My father was a dark-skinned brother, but my mother was a very fair-skinned lady. From what I understand she was Creole; we think her people originally came from New Orleans. She looked almost like a white woman, which meant she could pass—as folks used to say back then. Her hair was jet-black. She was slim and very attractive. I recall people telling her she looked like Lena Horne or Dorothy Dandridge.
The fact that my mother could pass intrigued me, even as a little kid. I understood that it was a big fucking deal. In my household, it was often a topic of quiet discussion between my parents. When you can pass, you get to hear the way white people speak freely with one another when black folks aren’t around. You get that kind of undercover look at the way white folks really think. So my mother understood racism intimately, from both sides of the fence, and there was never any tolerance for it in the house.
As hazy as a lot of my childhood is to me, I do have a very clear memory of the day when I first learned I was black. Before that, I guess, I never really knew I was black. Everybody figures out there’s something called “race” at some point in their life, and for me it happened when I was about seven years old.

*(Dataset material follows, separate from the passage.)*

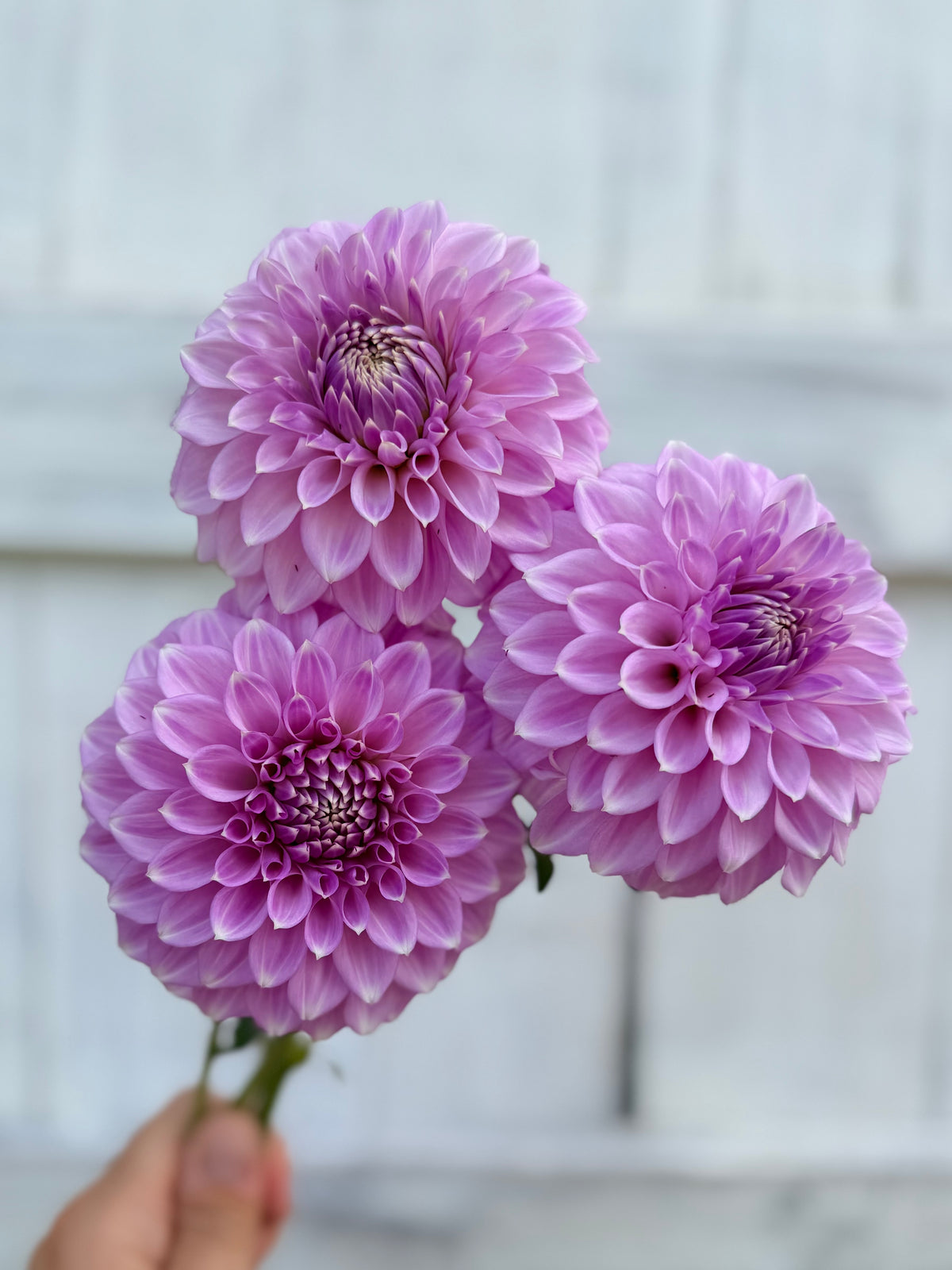 Dahlia Coorabell Zoe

At the time, I was going to Brayton Elementary School in Summit, and I used to have a white friend named Alex. He was one of my closest friends in school. Alex and me were walking over to his house one day after school and we bumped into this other kid from our class named Kenneth—he was one of the few other black kids who went to Brayton with me. Soon as we ran into Kenneth, Alex told him, “Kenneth, you can’t come over.” Kenneth looked pretty bummed out but he just walked on, head down, kicking the curb the way little kids do. Then we ran into some more kids from our class and Alex had no problem inviting them to his house to play. We walked along the sidewalk in silence and the question just popped into my head.
“I thought you told Kenneth you couldn’t have any more friends over?” I asked.
“Kenneth?” Alex laughed. “Oh, Kenneth—he’s a darkie.”
He said that shit so matter-of-fact. I didn’t understand it. My mind was trippin’ the rest of the afternoon.
Damn, I thought, Alex must think I’m white. I guess I’m passing, too.
Now, I had this other white friend named Mark, and the rules at his place were a little different than at Alex’s. All the kids could come over to Mark’s place to play in the yard, but when it got dark outside, as soon as the twilight made it hard to see, the white kids were allowed to come inside the house and keep playing but the black kids were sent home. Nobody asked any questions. Nobody said shit. It was just accepted as the way things were. And I was still considered “white enough”—or maybe they were just confused about what exactly I was—that I could stay and play with the white kids while the handful of black kids just split.
It was confusing as hell. When I got home, I told my mother about it. She looked at me with this half smile.
“Honey, people are stupid.”
That was her line. It’s one of the things I recall her saying to me a lot. People are stupid. She didn’t break that down for me, but I understood her to mean: You can’t necessarily change the ignorant way people think—but you can damn sure control the way it affects you personally. And then you keep it moving.
I guess my mom was preparing me in her own way, simply by downplaying it, telling me that this was some bullshit—racism—that I was going to be dealing with in some way or another for the rest of my life. Even today, I find myself constantly saying those same words under my breath: Yo, don’t even sweat it. People are stupid.
my mother died of a sudden heart attack when I was in the third grade. I’ve read some craziness online that my parents were killed in a fiery car crash. No, they both died of heart attacks, four years apart. It was me that nearly died in a car wreck, but that was decades later, when I was already hustling out in Cali.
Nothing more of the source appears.